The Will names Ms. Houston’s daughter, Bobbi Kristina, as sole beneficiary, with a provision for her estate to be distributed via a testamentary trust.

The fact that Whitney Houston left behind such an underwhelming estate plan creates some great talking points for you and your clients. Here are three:

Living Trusts Have Advantages: We’re all well acquainted with the benefits of living trusts, but our clients aren’t so familiar with them.

Here’s a thought: If Ms. Houston had opted for a living trust rather than a will, her estate plan would not be available for public viewing via Inside Edition or other curiosity-seekers. Most of your clients won’t have to worry about their Wills appearing on all the gossip websites, but they might be concerned about extended family members, colleagues, or acquaintances snooping through their private business.

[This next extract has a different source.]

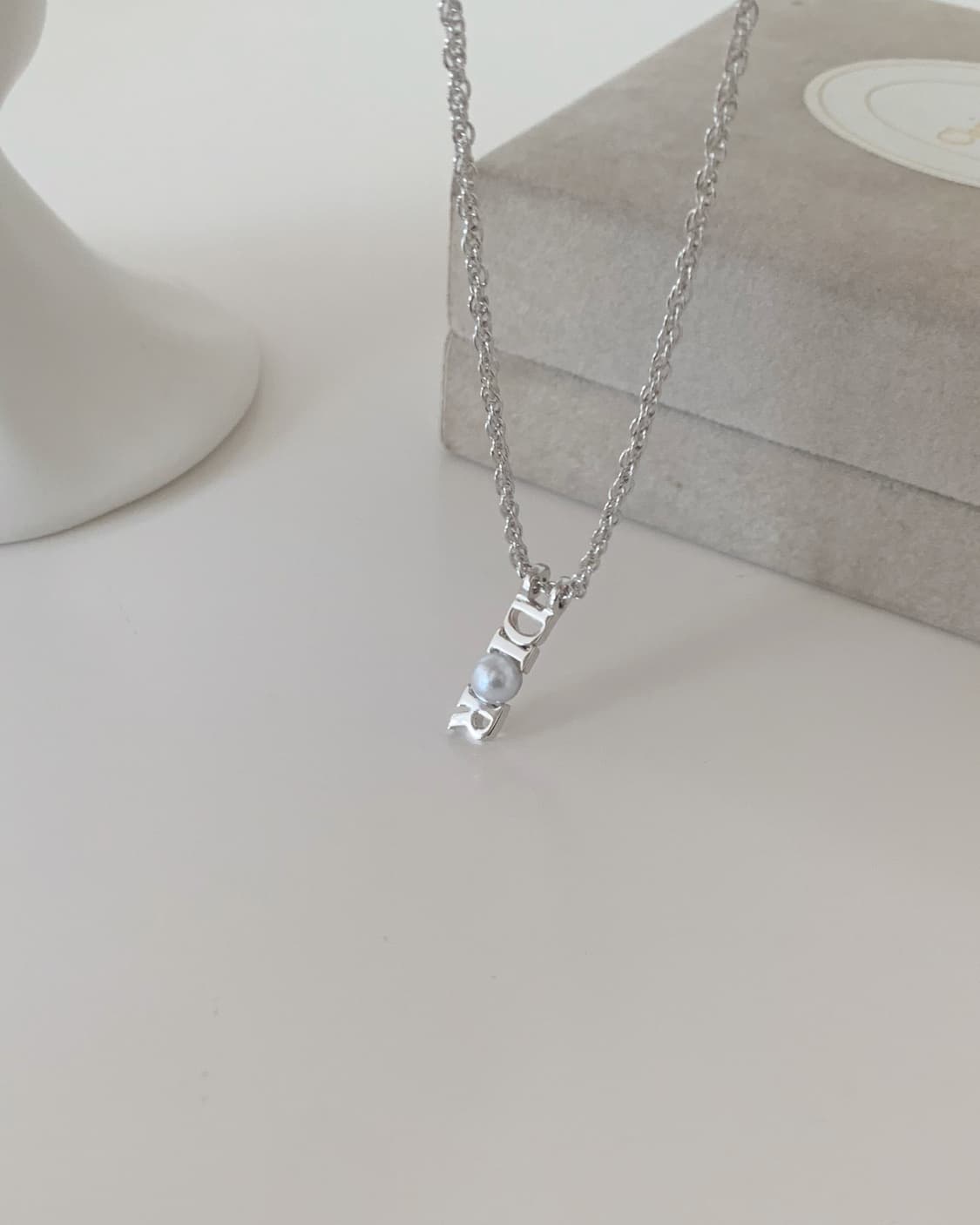 [ 디올 ] 빈티지 디올 실버 로고 진주 목걸이 상품이미지2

Depending on the probate process in your state, the fees and delays associated with probating a Will may also be a concern. In addition, living trusts can serve as a valuable tool for balancing the varying needs and interests of blended families. You should counsel your clients to take all of these factors into account when thinking about an estate plan.

It Pays to Understand the Law: Whitney Houston made her Will in 1993, when she was married to Bobby Brown and was a resident of New Jersey. Had she and Brown still been married at the time of her death, he would have had the right to an elective share of her estate, regardless of the terms of her Will. That is, unless he’d signed a waiver of his right to an elective share. Who knows whether Whitney Houston understood that New Jersey law trumped the terms of her Will? Your job is to ensure your clients make educated choices about their own estates.

Update, Update, Update: Regardless of the estate planning method your clients ultimately use, it’s imperative that they update their estate plans. A lot transpired in the 19 years between the making of Whitney Houston’s Will and her death. She signed a codicil in 2000 naming her mother as executor, but she didn’t make any changes to her plan after her 2007 divorce.

Again, this is a great discussion point for your clients. Your clients may or may not know that a divorce creates the need for a new Will or trust. But they’re likely unaware that a divorce decree doesn’t automatically sever all ties – think beneficiary designations, for example. It’s your role to counsel and educate them – not only about updating after a divorce, but after other life changes, too.

The Whitney Houston estate – or any other celebrity estate – can present a great jumping-off point for a discussion about your clients’ needs. It can be a great way for you to connect with your client on a personal level, while giving a teaching moment, as well.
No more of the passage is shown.